Le même style minimaliste est adopté, de bout en bout, jusqu’à la dernière nouvelle ‘parisienne’ intitulée ‘Saint Eustache ou la prière exaucée’. Bien que l’histoire porte sur le thème favori de l’auteur, presque toujours le même, à savoir, la rencontre furtive entre l’auteur et une femme, elle se déroule à l’intérieur de l’église, cette fois. En effet, le rapport n’est pas avec le nom de l’église, mais avec le Cantique des cantiques :
« Elle murmura à mon oreille un verset du Cantique des cantiques, où il y a cette poétique description de l’objet du désir. La Sulamite, c’était elle, me confia-t-elle… » (p.63)
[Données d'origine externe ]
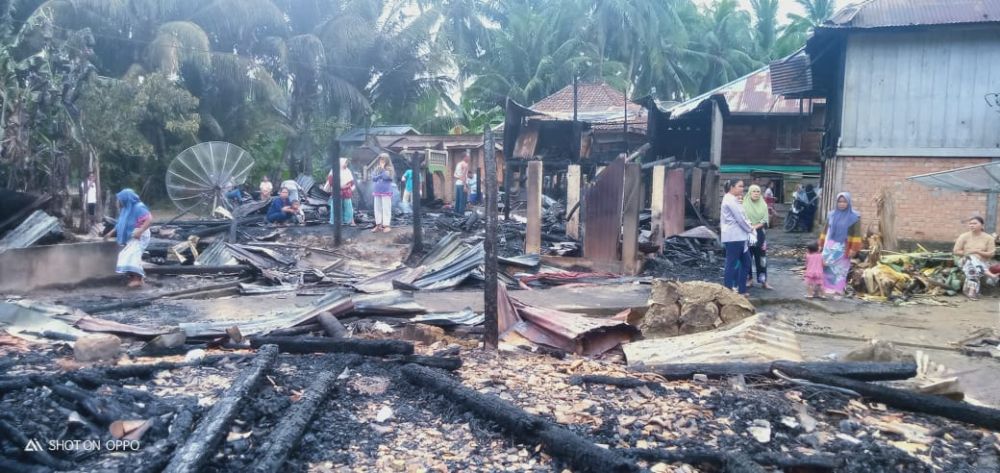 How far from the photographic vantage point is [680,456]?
4.16 m

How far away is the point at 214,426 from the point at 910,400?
4.44m

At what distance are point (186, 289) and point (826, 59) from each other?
13660mm

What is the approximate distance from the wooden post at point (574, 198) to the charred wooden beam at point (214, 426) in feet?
28.4

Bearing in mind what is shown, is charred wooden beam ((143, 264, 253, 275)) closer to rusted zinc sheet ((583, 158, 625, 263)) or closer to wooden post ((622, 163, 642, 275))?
rusted zinc sheet ((583, 158, 625, 263))

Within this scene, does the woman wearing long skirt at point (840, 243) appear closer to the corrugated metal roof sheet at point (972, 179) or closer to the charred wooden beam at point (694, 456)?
the corrugated metal roof sheet at point (972, 179)

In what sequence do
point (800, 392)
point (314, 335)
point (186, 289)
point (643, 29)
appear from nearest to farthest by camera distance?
point (800, 392) → point (314, 335) → point (186, 289) → point (643, 29)

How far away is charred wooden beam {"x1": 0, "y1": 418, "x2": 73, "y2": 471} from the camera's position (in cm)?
376

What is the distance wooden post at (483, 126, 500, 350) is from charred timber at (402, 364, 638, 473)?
1.00 m

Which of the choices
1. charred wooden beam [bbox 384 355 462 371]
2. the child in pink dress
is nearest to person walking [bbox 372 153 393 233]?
the child in pink dress

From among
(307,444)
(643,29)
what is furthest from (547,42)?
(307,444)

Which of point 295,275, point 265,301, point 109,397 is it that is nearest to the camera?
point 109,397

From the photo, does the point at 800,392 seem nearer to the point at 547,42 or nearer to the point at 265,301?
the point at 265,301

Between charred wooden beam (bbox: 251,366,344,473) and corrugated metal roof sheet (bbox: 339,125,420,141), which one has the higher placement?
corrugated metal roof sheet (bbox: 339,125,420,141)

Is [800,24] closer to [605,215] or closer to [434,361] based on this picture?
[605,215] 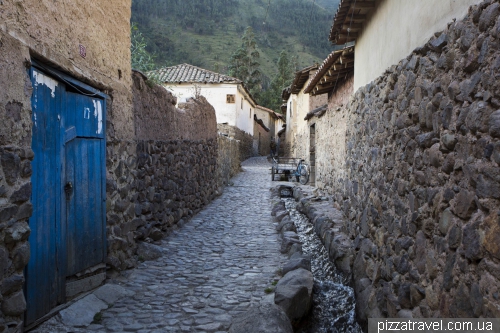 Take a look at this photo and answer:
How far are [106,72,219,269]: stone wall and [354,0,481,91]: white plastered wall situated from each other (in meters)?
3.26

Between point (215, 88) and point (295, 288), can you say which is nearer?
point (295, 288)

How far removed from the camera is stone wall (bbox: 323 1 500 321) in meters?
2.02

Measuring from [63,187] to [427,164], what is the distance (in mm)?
3184

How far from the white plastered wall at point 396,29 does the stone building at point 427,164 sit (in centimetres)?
2

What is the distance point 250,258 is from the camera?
5527mm

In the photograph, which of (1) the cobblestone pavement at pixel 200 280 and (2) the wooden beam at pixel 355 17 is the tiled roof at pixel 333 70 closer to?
(2) the wooden beam at pixel 355 17

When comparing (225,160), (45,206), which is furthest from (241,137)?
(45,206)

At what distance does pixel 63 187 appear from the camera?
352cm

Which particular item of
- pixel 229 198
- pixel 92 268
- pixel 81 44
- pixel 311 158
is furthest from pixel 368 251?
pixel 311 158

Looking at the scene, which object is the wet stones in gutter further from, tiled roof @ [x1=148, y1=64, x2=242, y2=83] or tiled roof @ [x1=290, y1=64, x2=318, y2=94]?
tiled roof @ [x1=148, y1=64, x2=242, y2=83]

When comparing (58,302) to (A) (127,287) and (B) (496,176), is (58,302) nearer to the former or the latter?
(A) (127,287)

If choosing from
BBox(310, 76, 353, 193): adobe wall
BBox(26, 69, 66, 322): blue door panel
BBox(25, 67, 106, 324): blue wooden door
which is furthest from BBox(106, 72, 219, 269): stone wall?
BBox(310, 76, 353, 193): adobe wall

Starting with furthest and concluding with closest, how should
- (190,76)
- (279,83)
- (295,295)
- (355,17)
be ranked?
(279,83) < (190,76) < (355,17) < (295,295)

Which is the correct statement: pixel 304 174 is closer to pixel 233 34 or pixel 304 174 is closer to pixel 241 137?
pixel 241 137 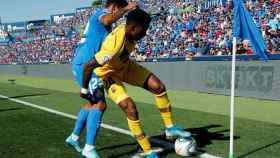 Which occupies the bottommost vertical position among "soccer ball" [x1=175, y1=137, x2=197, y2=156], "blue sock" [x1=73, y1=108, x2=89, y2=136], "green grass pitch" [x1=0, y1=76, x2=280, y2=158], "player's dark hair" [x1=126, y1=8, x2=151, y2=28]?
"green grass pitch" [x1=0, y1=76, x2=280, y2=158]

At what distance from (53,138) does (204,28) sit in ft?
54.2

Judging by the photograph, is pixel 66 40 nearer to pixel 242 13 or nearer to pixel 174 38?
pixel 174 38

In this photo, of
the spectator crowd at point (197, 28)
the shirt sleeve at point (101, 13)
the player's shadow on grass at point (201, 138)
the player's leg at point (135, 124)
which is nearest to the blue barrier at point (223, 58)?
the spectator crowd at point (197, 28)

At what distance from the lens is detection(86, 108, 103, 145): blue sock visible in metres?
6.67

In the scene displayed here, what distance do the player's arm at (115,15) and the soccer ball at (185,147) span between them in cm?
199

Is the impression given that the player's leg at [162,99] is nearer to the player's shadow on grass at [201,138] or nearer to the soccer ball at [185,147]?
the soccer ball at [185,147]

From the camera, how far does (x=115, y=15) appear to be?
6211 millimetres

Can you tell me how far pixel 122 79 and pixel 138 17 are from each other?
3.99 ft

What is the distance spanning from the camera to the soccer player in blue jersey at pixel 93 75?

Faut-il s’en étonner ? Dès lors qu’il s’agit des choses de la chair, Nabil Naoum ne se cantonne pas dans une prudente obscurité ou dans des attitudes qui s’accommodent de toutes les interprétations possibles. Comme il l’a fait dans son roman ‘Moi, Toutankhamon, reine d’Egypte’, mais sans le dénouement tragique, il transforme cette étrange quête liée à l’intime, en un témoignage d’un vécu souvent touchant et très compatissant. Le court texte ‘Le chat profondément endormi’,en est un exemple très frappant. Tant et si bien que toutes les nouvelles se lisent comme un suspense et, par conséquent, si les personnages y sont parfois décrits à l’emporte-pièce, sans nuance, si les aventures sentimentales se succèdent et se ressemblent, c’est parce que pour Nabil Naoum, les soucis et les menus plaisirs de la vie quotidienne sont apparemment aussi intéressants que les rapports humains qui les sous-tendent.
Nabil Naoum : L’Eclipse et autres nouvelles, traduites de l’arabe par Luc Barbulesco, Sindbad/Actes Sud.